Metadata-Version: 2.1
Name: hftorchcache
Version: 0.0.1
Summary: Efficient caching of Hugging Face models using PyTorch serialisation
Author-Email: Louis Maddox <louismmx@gmail.com>
License: MIT
Project-URL: Homepage, https://github.com/lmmx/hftorchcache
Project-URL: Repository, https://github.com/lmmx/hftorchcache.git
Requires-Python: >=3.10
Requires-Dist: accelerate>=1.3.0
Requires-Dist: platformdirs>=4.3.6
Requires-Dist: torch>=2.0.0
Requires-Dist: transformers>=4.0.0
Description-Content-Type: text/markdown

# HF Torch Cache

[![License: MIT](https://img.shields.io/badge/License-MIT-yellow.svg)](https://opensource.org/licenses/MIT)
[![Python 3.10+](https://img.shields.io/badge/python-3.10%2B-blue.svg)](https://www.python.org/downloads/)

Efficient caching layer for Hugging Face models using PyTorch serialisation.
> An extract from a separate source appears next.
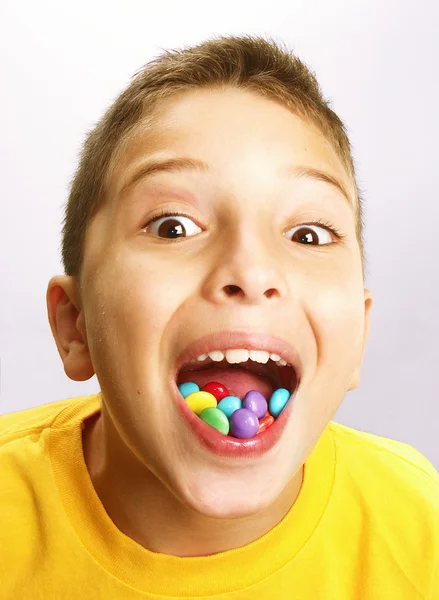 Little boy is eating candy — Stock Photo, Image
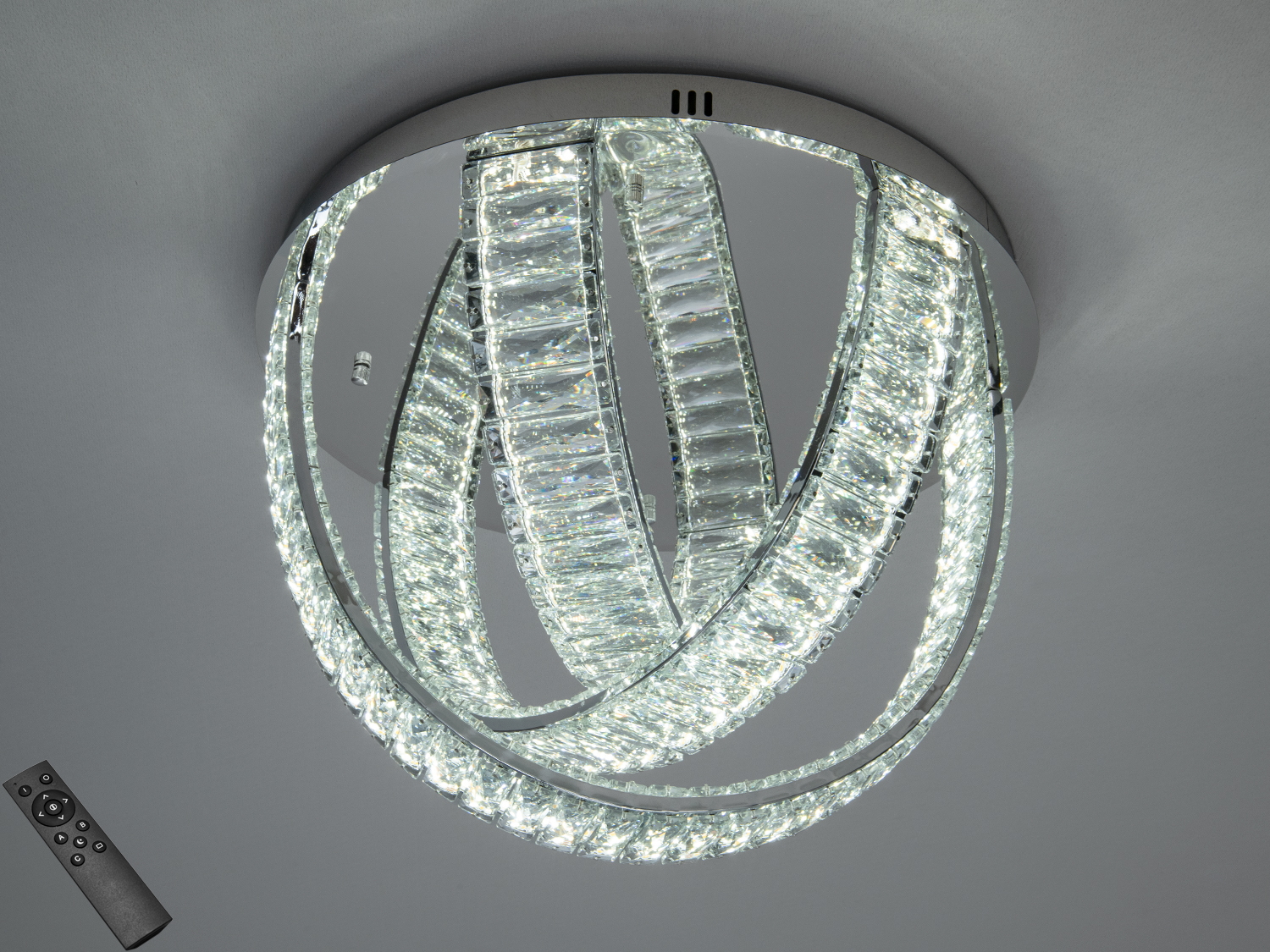 Світильник з дистанційним керуванням, що має кристалічні кільця. Підходить для стельового монтажу в сучасних приміщеннях.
Accelerate model initialisation while reducing disk redundancy by converting native Hugging Face checkpoints to optimised PyTorch format.

## Features

- 🚀 **Faster Initialisation**: Skip Hugging Face's config reloading on subsequent loads
- 💾 **Disk Efficiency**: Eliminate duplicate storage of model artifacts
- 🔍 **Auto Model Detection**: Dynamically selects appropriate model class from config
- 🧹 **Cache Management**: Optional cleanup of original Hugging Face cache artifacts
- 🔒 **Safety Controls**: Configurable weights-only loading for untrusted sources

## Installation

```bash
pip install hftorchcache
```

## Usage

### Basic Example

```python
from hftc import HFTorchCache

# Initialise cache manager
cache = HFTorchCache()

# Load model with automatic class detection
model, tokenizer = cache.load(
    "unsloth/DeepSeek-R1-Distill-Qwen-7B-bnb-4bit",
    map_location="cuda"
)
```

### Advanced Usage

```python
cache = HFTorchCache(
    cache_dir="/custom/cache/path",  # Default: ~/.cache/hftc
    cleanup_original=True            # Auto-delete original HF cache
)

# Load with explicit device placement and safety controls
model, tokenizer = cache.load(
    "unsloth/DeepSeek-R1-Distill-Qwen-7B-bnb-4bit",
    model_cls="AutoModelForCausalLM",    # Explicit class specification
    tokenizer_cls="AutoTokenizer",
    map_location=torch.device("cuda:0"),
    weights_only=False,                  # Enable for untrusted sources
    local_only=True                      # Prevent HF Hub fallback
    # **model_kwargs                     # Would be passed to `from_pretrained`
)
```

Note that you may need additional packages (e.g. `bitsandbytes`) to load cached models.

### Cleanup utilities

You can also use the internal `_cleanup_hf_cache` method to delete the entire model directories of
models you're done with, without trying to load them (as long as HuggingFace can find a snapshot).

```python
cache._cleanup_hf_cache("Qwen/Qwen2.5-7B-Instruct-GPTQ-Int8")
```

## API Reference

### `HFTorchCache`

| Parameter | Type | Default | Description |
|-----------|------|---------|-------------|
| `cache_dir` | str | `~/.cache/hftc` | Custom cache directory |
| `cleanup_original` | bool | True | Remove original HF cache after conversion |

### `load()`

| Parameter | Type | Default | Description |
|-----------|------|---------|-------------|
| `model_name` | str | Required | HF model identifier |
| `model_cls` | str/type | "auto" | Model class specification |
| `tokenizer_cls` | str/type | "auto" | Tokenizer class specification |
| `map_location` | str/device | None | Torch device placement |
| `weights_only` | bool | False | Safe loading for untrusted sources |
| `local_only` | bool | False | Disable HF hub fallback |

## Implementation Notes

1. **First-Run Behavior**: Initial load converts HF checkpoint to optimized PyTorch format
2. **Subsequent Loads**: Directly loads serialised PyTorch artifacts (3-5x faster)
3. **Device Management**: Specify `map_location` to control device placement
4. **Security**: Use `weights_only=True` when loading untrusted models

## License

MIT License - See [LICENSE](LICENSE) for details

---

**Note**: This project is not affiliated with Hugging Face. Use with caution in production environments. Always verify model sources when using `weights_only=False`.